Under such circumstances it would be wildly optimistic to expect the film to be even watchable, let alone great, but somehow it bucked the odds to come out as a bona fide forgotten classic. While there's no shortage of action in the first half of the movie - certainly enough for the studio to somewhat misleadingly sell it as an action movie - this is really a much more elegiac Western about the end of an era seen through the fate of a man out of his time and trapped by a reputation he cannot really live up to anymore. "If you really knew how dirty and raggedy-***ed the Old West was, you wouldn't want any part of it," he tells Linda Evans schoolteacher, and the ailing McQueen makes no attempt to disguise just how raggedy he looks himself. When we first meet Horn it's not long before he's on the losing end of a fight with champion boxer" Gentleman Jim" Corbett, and after a brief and all-too successful career disposing of rustlers for the local Cattlemen's Association, soon finds himself set up for an even bigger fall when his ruthless efficiency becomes something of a public relations disaster for them.
Taking its lead from Horn's own autobiography, dictated while on trial for murder, there is an element of print the legend to it: whereas the real Horn was undone by his own egotism (his claim to have captured Geronimo seems largely fantasy, though he was one of the trackers involved in the campaign), McQueen's Horn is a simple man, modest, inarticulate, awkward in social situations and only really good at killing, which he regards simply as his job. But there's a striking lack of vanity to the performance, with McQueen not afraid to look a shrunken figure long past his prime - even his futile escape attempt feels almost half-hearted, something he feels he's expected to do, and there's a sense of acceptance of his impending death as he makes his inevitable way to the water-triggered gallows that he springs himself because nobody else wants to pull the lever on him.
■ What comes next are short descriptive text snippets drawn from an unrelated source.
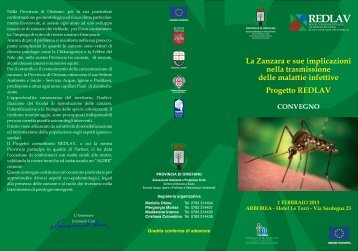 Il Programma del Convegno - Provincia di Oristano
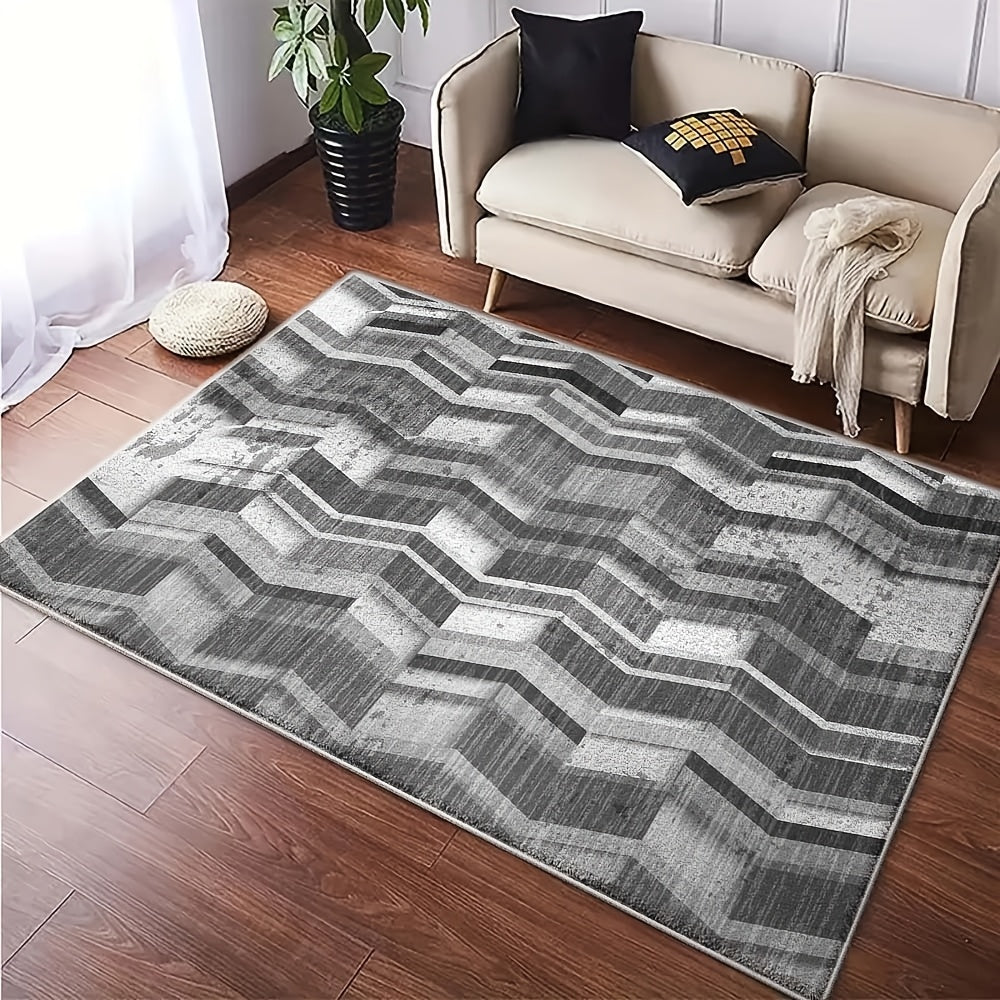 Velvet Carpet, Living Room Carpet, Valentine's Day Decorative Carpet, Lightweight and Area Rug for Bedroom Floor, Durable Non-Slip Office Carpet, Extra Soft and Thick, Multiple Sizes Available. Large Gradient Design Ultra-Soft Velvet Area Rug, Non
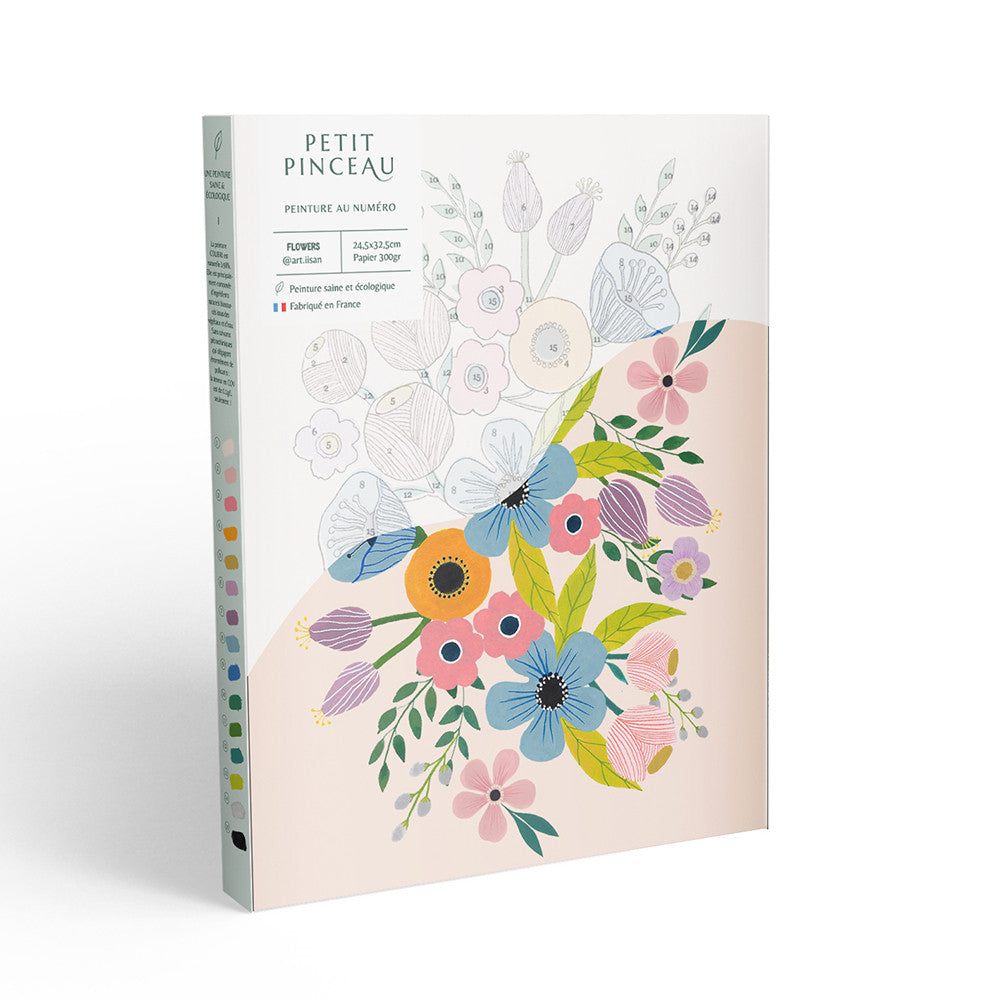 Achat Coffret peinture au numéro - Flowers par Art.iisan - PETIT PINCEAU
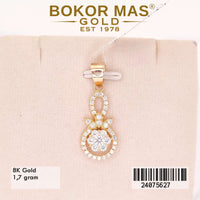 Liontin Emas Bunga Variasi Permata Putih - 24075627 - 8K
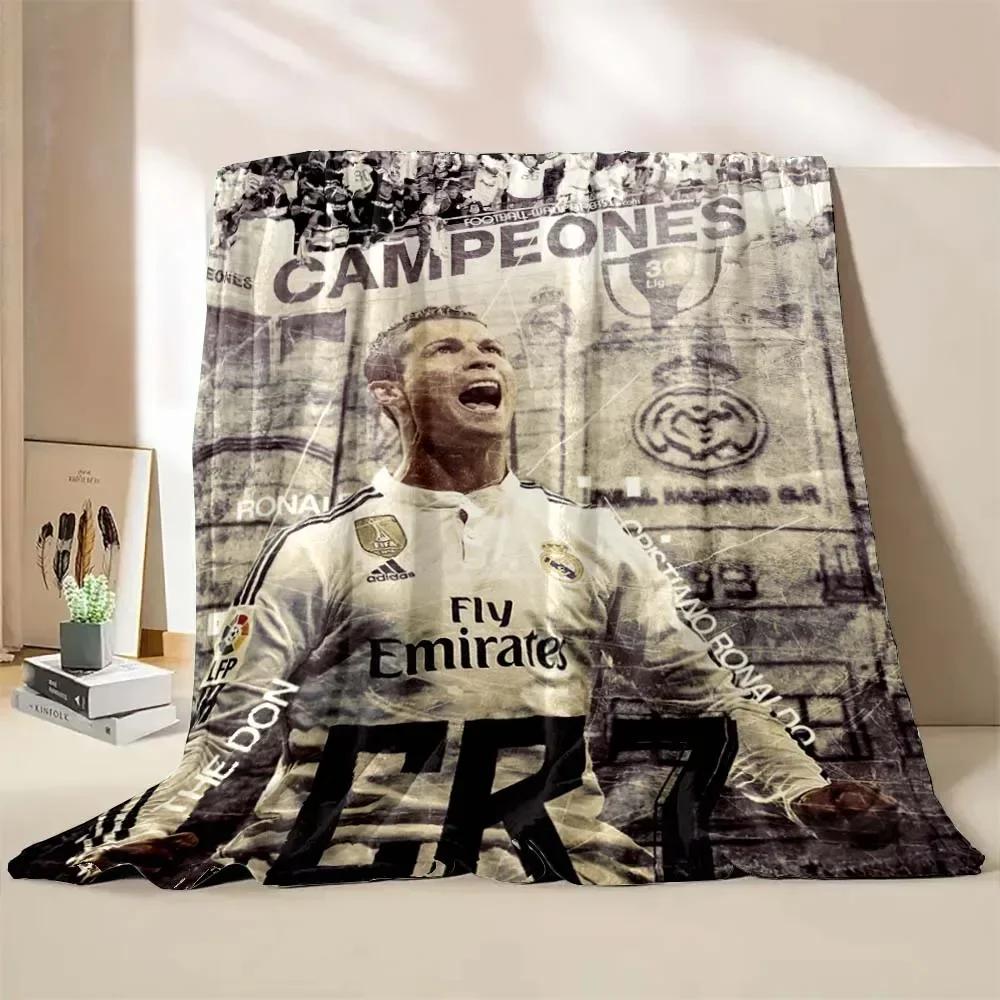 Coperta in Flanella CR7 Ronaldo Moda Portatile Casa Viaggio Campeggio Divano Coperta da Picnic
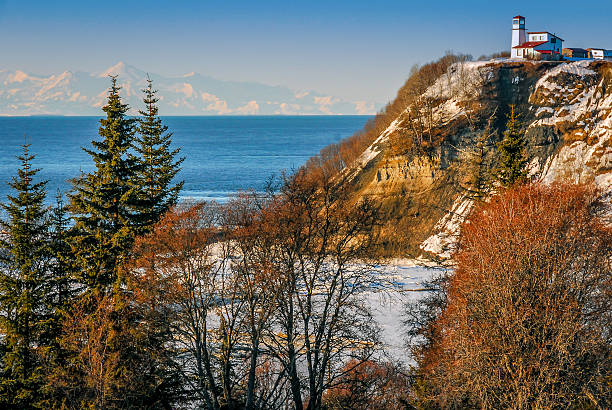 Lighthouse in Alaska on the Cook Inlet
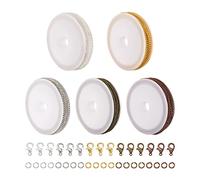 PandaHall 5 Rolls Twisted Link Chains Curb Cable Chain Necklace Chains with Jump Rings Lobster Claw Clasps for Bracelet Jewellery Craft Making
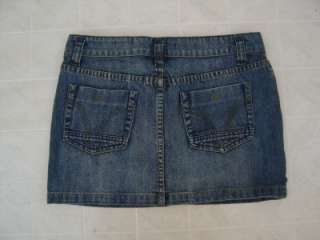 MISS SIXTY ITALY Womens Small S 2 4 6 Denim Jeans Mini Skirt Button 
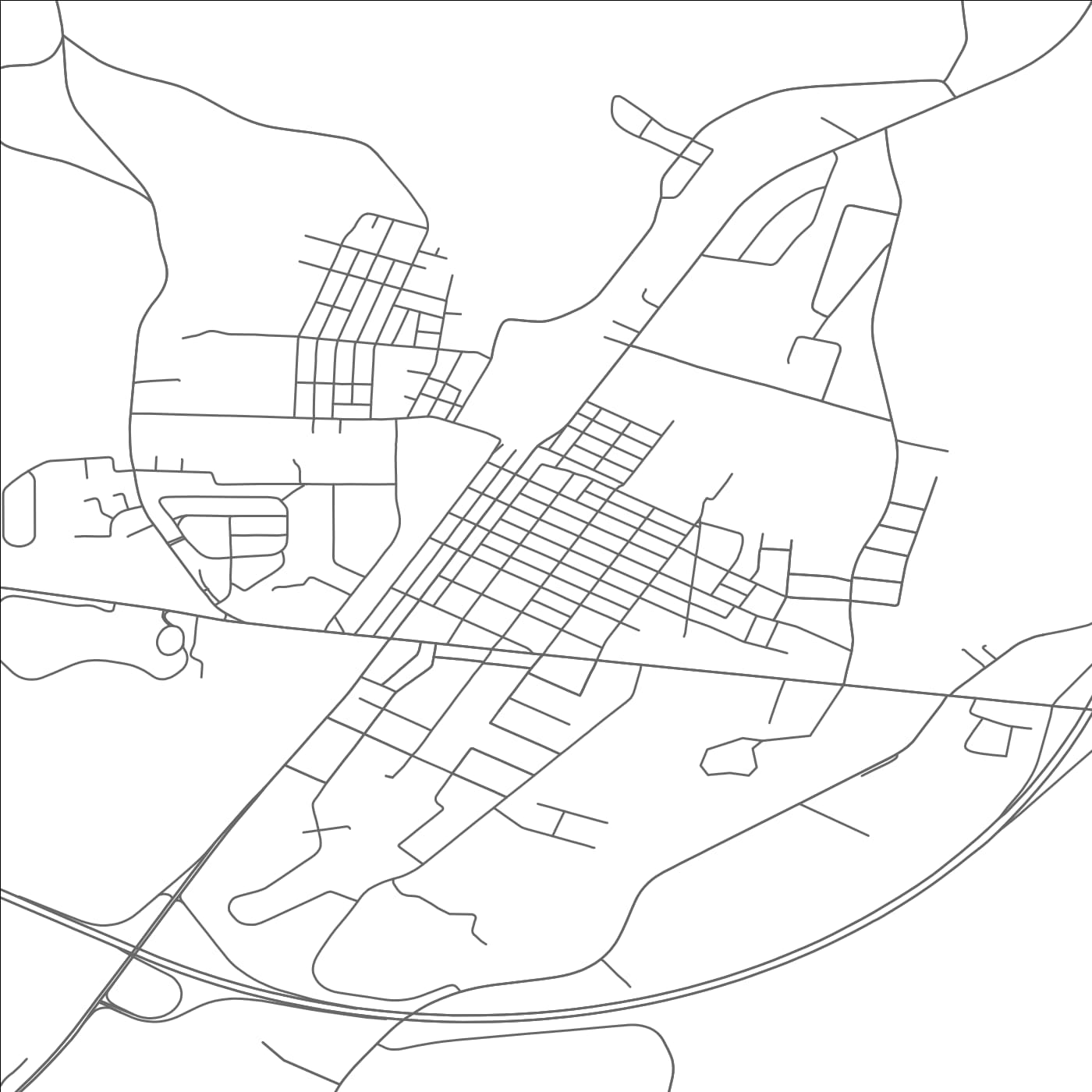 ROAD MAP OF CRESSON, PENNSYLVANIA BY MAPBAKES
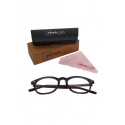 Unisex Black Solid Anti Glare Lens Full Rim Optical Round Frames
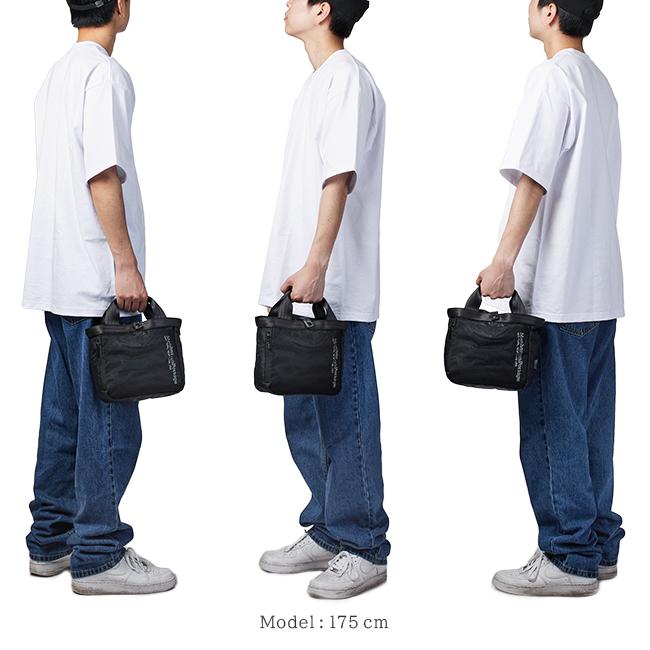 マンハッタンポーテージ ブラックレーベル リップストップ トートバッグ Manhattan Portage BLACK LABEL mp1339rsnbl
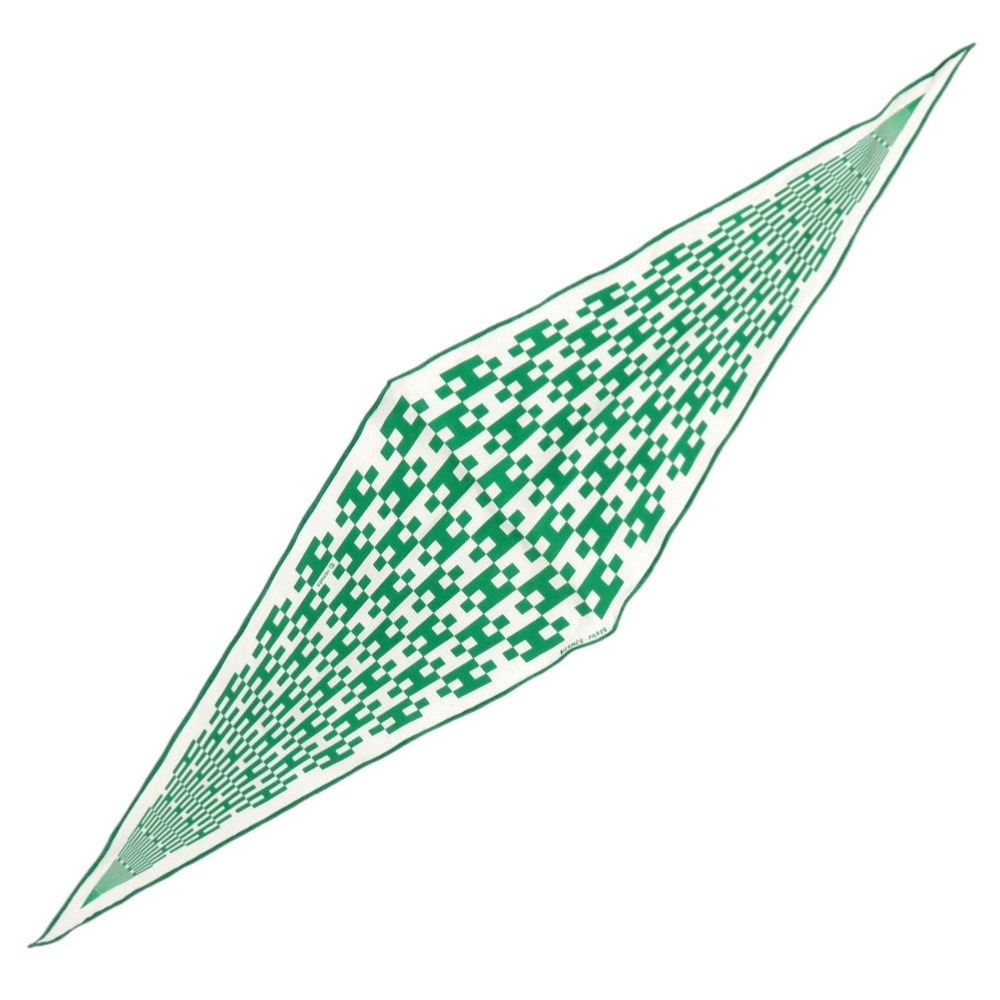 美品 ロサンジュ スカーフ シルク グリーン 0200【中古】 レディース 20,016円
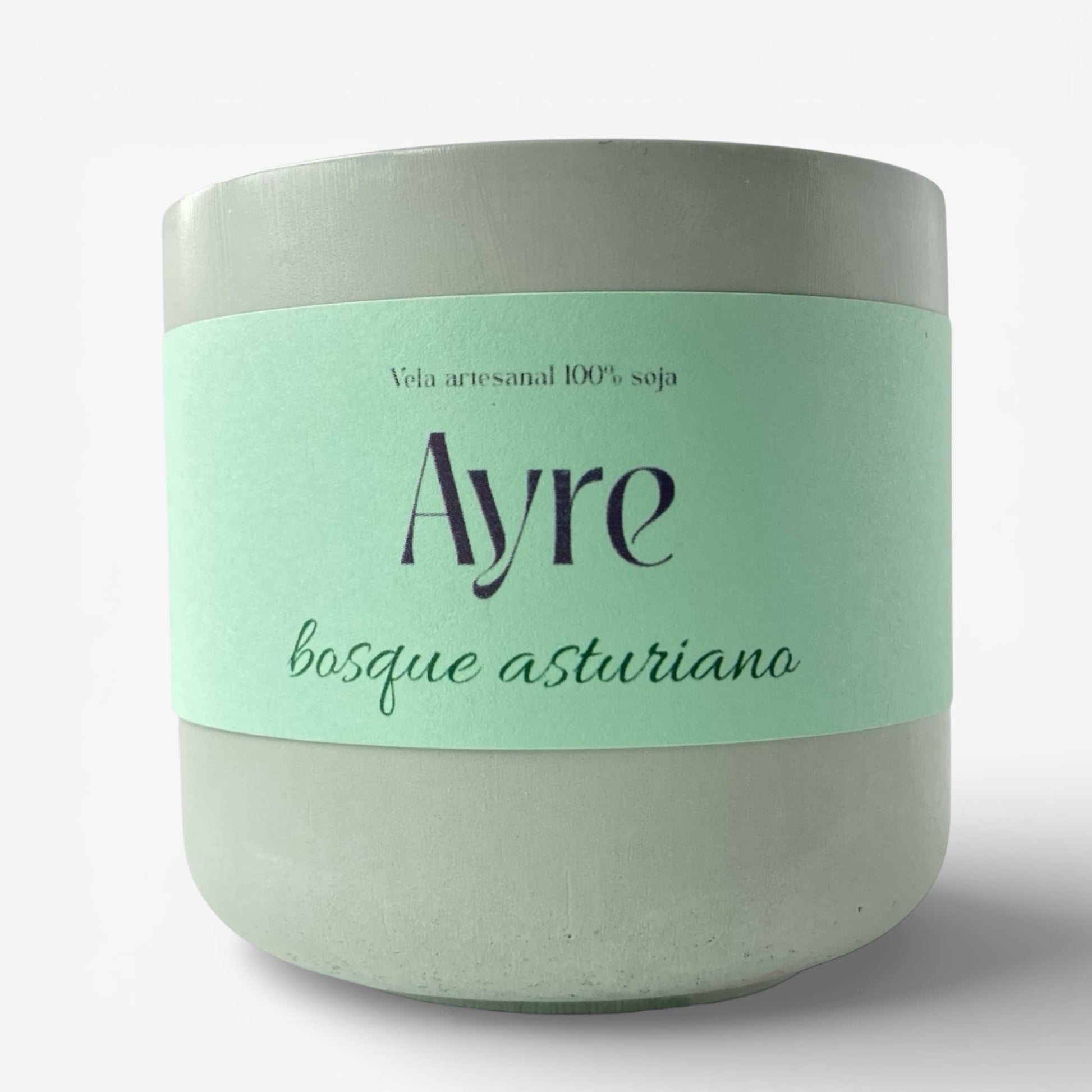 Vela aromática de soja Bosque Asturiano de Ayrecandle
(Curiously lawman Joe LeFors, whose dubious testimony sealed Horn's fate, is renamed LaSalle in the film, possibly because McQueen didn't want the audience to make any connections with Butch Cassidy and the Sundance Kid, which was a one-time McQueen project that helped his rival Robert Redford become a superstar: McQueen certainly knew how to hold a grudge.)
The scars of the troubled production do sometimes show, not least in a flashback so abrupt everyone in the theatres thought they'd got the reels in the wrong order, but the strengths more than compensate, not least among them an effortlessly superb supporting performance from Richard Farnsworth, who manages to create a convincing onscreen bond with McQueen despite their off screen history (the young McQueen had got Farnsworth fired from Wanted: Dead or Alive when the veteran was still a stuntman). The cold, stark look of the film, it's town either muddy or snowbound, its ranges barren and desolate, and Ernest Gold's brooding score also catch the mood of impending death all too well. The Hunter may have been McQueen's last film, but in many ways this is the more fitting epitaph.
The only extras on Warners 2.35:1 widescreen transfer are the original theatrical trailer and a promo for Wanted: Dead or Alive.